Il spécifie un peu plus loin :
« Les crédits de la section Fonction publique de l'État doivent exclusivement servir à financer des actions réalisées à l'initiative des employeurs mentionnés à l'article 2 du titre II du statut général des fonctionnaires et de l'exploitant public La Poste. »
S'agissant de la contribution de l'État en qualité d'employeur, il est précisé dans ce même article : « Elle est calculée en fonction du nombre d'unités manquantes constatées au 1er janvier de l'année écoulée. Le nombre d'unités manquantes correspond à la différence entre le nombre total de personnes rémunérées par l'employeur auquel est appliquée la proportion de 6 %, arrondi à l'unité inférieure, et celui des bénéficiaires de l'obligation d'emploi prévue à l'article L. 323-2 qui sont effectivement rémunérés par l'employeur. »
Nous sommes donc, avec cet article 80, dans la plus parfaite contradiction entre les intentions affichées au début de l'année dans cette loi sur le handicap et leur concrétisation.

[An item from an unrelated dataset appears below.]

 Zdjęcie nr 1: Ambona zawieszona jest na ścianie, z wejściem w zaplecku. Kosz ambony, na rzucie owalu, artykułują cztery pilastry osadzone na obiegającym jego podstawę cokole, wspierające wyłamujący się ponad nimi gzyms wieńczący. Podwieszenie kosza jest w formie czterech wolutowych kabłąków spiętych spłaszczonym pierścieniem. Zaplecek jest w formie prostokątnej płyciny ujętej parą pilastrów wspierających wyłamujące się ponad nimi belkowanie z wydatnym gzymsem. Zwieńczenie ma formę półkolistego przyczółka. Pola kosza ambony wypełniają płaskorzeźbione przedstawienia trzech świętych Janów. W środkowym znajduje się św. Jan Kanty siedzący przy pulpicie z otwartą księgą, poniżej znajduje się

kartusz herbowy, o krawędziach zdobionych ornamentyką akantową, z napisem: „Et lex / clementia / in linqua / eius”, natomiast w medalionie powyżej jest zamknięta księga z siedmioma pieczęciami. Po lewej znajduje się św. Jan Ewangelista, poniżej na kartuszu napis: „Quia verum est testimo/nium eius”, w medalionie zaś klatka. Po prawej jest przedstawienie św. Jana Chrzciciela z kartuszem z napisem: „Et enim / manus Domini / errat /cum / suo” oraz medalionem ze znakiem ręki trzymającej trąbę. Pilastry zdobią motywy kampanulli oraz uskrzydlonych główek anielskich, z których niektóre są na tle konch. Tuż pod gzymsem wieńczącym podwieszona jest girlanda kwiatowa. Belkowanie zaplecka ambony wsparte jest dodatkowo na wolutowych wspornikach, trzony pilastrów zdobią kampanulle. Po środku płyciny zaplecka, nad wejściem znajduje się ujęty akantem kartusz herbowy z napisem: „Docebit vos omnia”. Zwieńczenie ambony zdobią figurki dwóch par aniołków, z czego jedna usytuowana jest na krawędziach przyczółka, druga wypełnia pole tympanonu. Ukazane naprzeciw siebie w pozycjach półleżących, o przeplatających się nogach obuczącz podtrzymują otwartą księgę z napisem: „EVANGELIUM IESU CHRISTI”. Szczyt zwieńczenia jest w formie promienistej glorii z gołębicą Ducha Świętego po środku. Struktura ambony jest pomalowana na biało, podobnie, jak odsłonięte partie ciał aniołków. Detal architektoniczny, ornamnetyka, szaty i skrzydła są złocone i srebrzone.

En effet, ce soir, on nous invite à valider une disposition tendant ni plus ni moins à faire prendre l'embauche de personnes en qualité d'auxiliaires de vie scolaire pour un soutien à l'emploi des personnes handicapées.
Quant aux arguments invoqués, permettez-moi de dire qu'ils ne sont pas à l'honneur de notre Assemblée : on procéderait ainsi au motif que les personnes handicapées n'auraient pas la qualification nécessaire pour exercer un emploi dans la fonction publique enseignante ! Je trouve cette explication pour le moins déplacée.
Dans le cadre de la décentralisation, il a été décidé de transférer les personnels ATOSS dans la fonction publique territoriale et l'on feint de découvrir qu'il n'y aurait plus d'emplois correspondant au niveau de qualification des personnes handicapées !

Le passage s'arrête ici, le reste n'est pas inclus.